## Task instructions:
Using the data below, reproduce exactly the lines from the line with "Tail Light Right" to the line with "2025 Cadillac Escalade Sport Platinum", both included; pictures must be dropped.

## Task material:

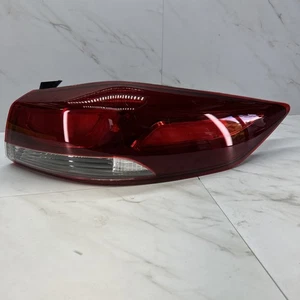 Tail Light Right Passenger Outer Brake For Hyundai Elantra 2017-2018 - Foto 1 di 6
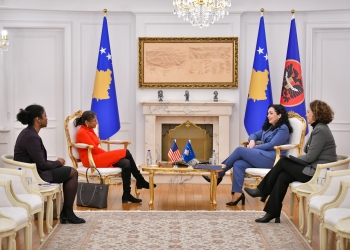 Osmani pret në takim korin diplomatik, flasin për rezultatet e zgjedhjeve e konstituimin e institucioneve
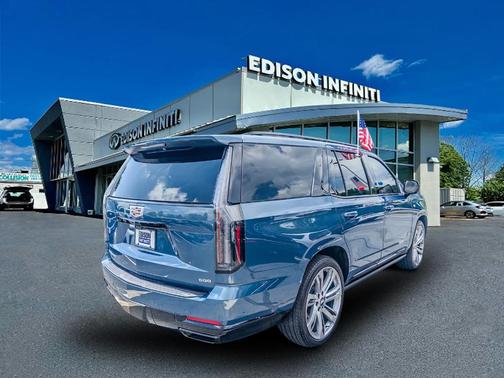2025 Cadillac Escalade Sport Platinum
...
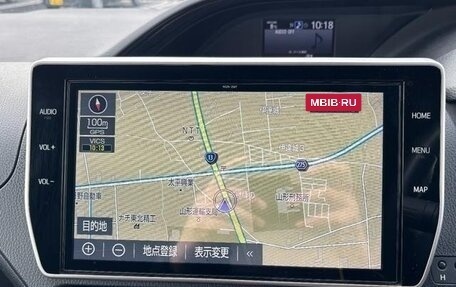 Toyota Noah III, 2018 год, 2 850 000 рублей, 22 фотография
...
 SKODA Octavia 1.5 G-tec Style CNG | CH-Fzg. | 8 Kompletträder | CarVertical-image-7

## Reply:
 Tail Light Right Passenger Outer Brake For Hyundai Elantra 2017-2018 - Foto 1 di 6
 Osmani pret në takim korin diplomatik, flasin për rezultatet e zgjedhjeve e konstituimin e institucioneve
2025 Cadillac Escalade Sport Platinum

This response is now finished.